Basta observar las colas que se hacen en esas tiendas en MLC desde horas tempranas y mirar lo que más se compra para darse cuenta de que la mayoría de esas mercancías están ausentes de las antiguas shopping, donde se pagaba en pesos convertibles (CUC) y donde ahora «cuando sacan algo» tiene que acudir la policía a controlar el orden.

Cuando a lo imprescindible se le da el tratamiento de superfluo, se justifica su escasez y sus elevados precios, siempre y cuando sea el Estado quien los comercialice.

Otra es la vara de medir cuando se trata de productores y comerciantes privados, a los que nadie les ha subido el salario, y solo pueden afrontar los nuevos precios del sector estatal haciendo su propia subida de precios.

Algo que se escapó al cálculo de los expertos que definieron por decreto cuál sería el equilibrio entre salario y precios fue que los trabajadores estatales tendrían que asumir también los importes del mercado cuentapropista.

Esta contradicción se ha intentado solucionar topando los precios en el sector no estatal de la economía, sin considerar que los costos de producción se han disparado como consecuencia de la devaluación del peso y el aumento de los gastos en transportación, electricidad, agua y gas, más la demanda del valor de la mano de obra contratada.

Como modernos Robin Hood, los inspectores, enmascarados de clientes inocentes, descubren al vendedor ambulante que, por ejemplo, pretende cobrar 20 pesos por una libra de tomates

Como los números no cuadran, resulta difícil respetar las reglas y sobrevivir como productor o comerciante, y no solo en el caso de los cuentapropistas: algo similar ocurre detrás de los mostradores de venta en los mercados.

Como en cualquier Estado autoritario, carente de una contrapartida, la solución aplicada ha sido la represión. En el breve tiempo transcurrido desde que se puso en práctica la Tarea Ordenamiento en el país se han realizado cerca de 60.000 inspecciones al comercio minorista, donde se han descubierto alrededor de 34.000 violaciones de precios. Se han retirado más de 600 licencias y se han ejecutado alrededor de 750 decomisos.

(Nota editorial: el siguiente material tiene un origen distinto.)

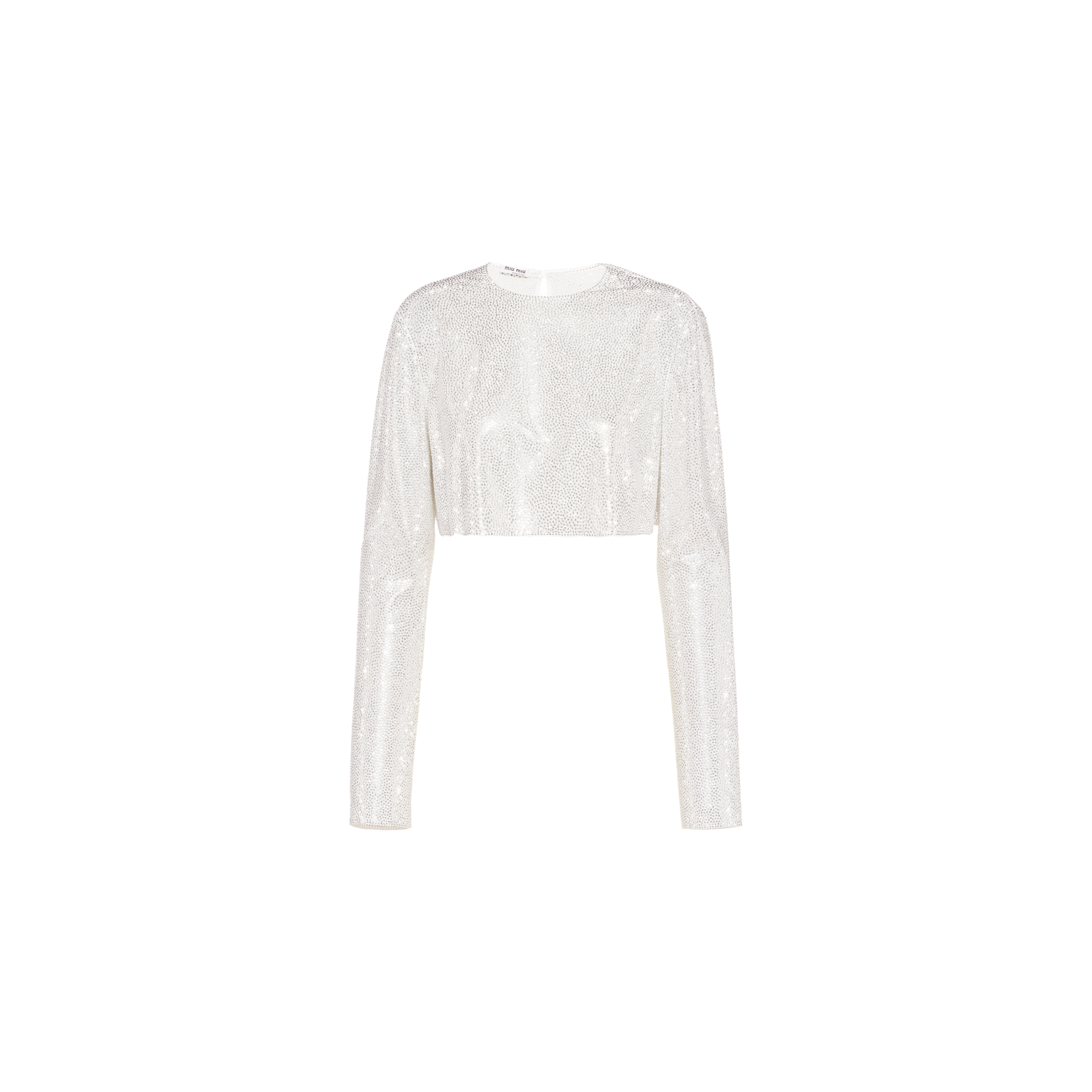Embroidered georgette top white miu miu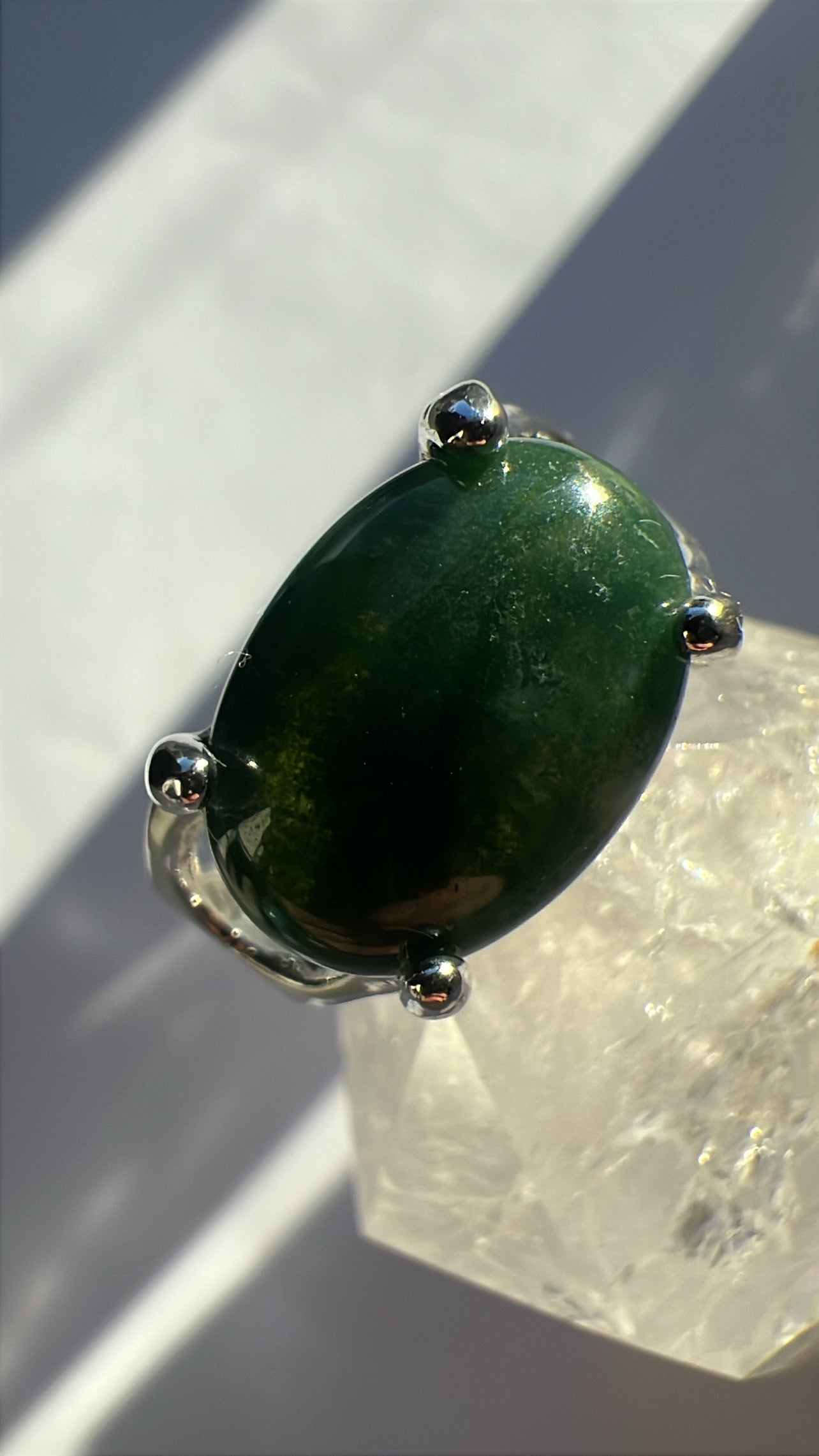 Moss Agate S925 Ring - Size 7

Como modernos Robin Hood, los inspectores, enmascarados de clientes inocentes, descubren al vendedor ambulante que, por ejemplo, pretende cobrar 20 pesos por una libra de tomates. Entonces revela su verdadera identidad y convoca al público a que participe de una «venta forzosa al precio establecido». Entre los convocados nunca falta el que humilla al carretillero, pero también aparecen los defensores.

Desde la óptica oficial se considera que un precio en el sector privado es abusivo o especulativo cuando es 2,5 veces mayor que el que existía antes del ordenamiento. No obstante, el transporte público se elevó en un 250% y el pan del racionamiento que pesa 80 gramos y se distribuye uno por cada consumidor aumentó su precio en 20 veces.

Es una opinión bastante compartida entre los ciudadanos que los que toman las decisiones tienen un criterio equivocado sobre cómo se maneja la economía doméstica. La idea de que en las altas esferas del poder tienen asegurado lo que desean consumir, sin verse en la obligación de hacer colas y sin tener que sacar cuentas de lo que cuestan las cosas, es lo primero que se le ocurre a todo aquel al que no le alcanza el dinero para lo que necesita ni el tiempo para comprarlo.

Quizás sea un prejuicio fundamentado en el sobrepeso que se advierte a simple vista entre ministros y altos funcionarios y en el hecho, tal vez casual, de que nunca nadie los ha visto haciendo cola.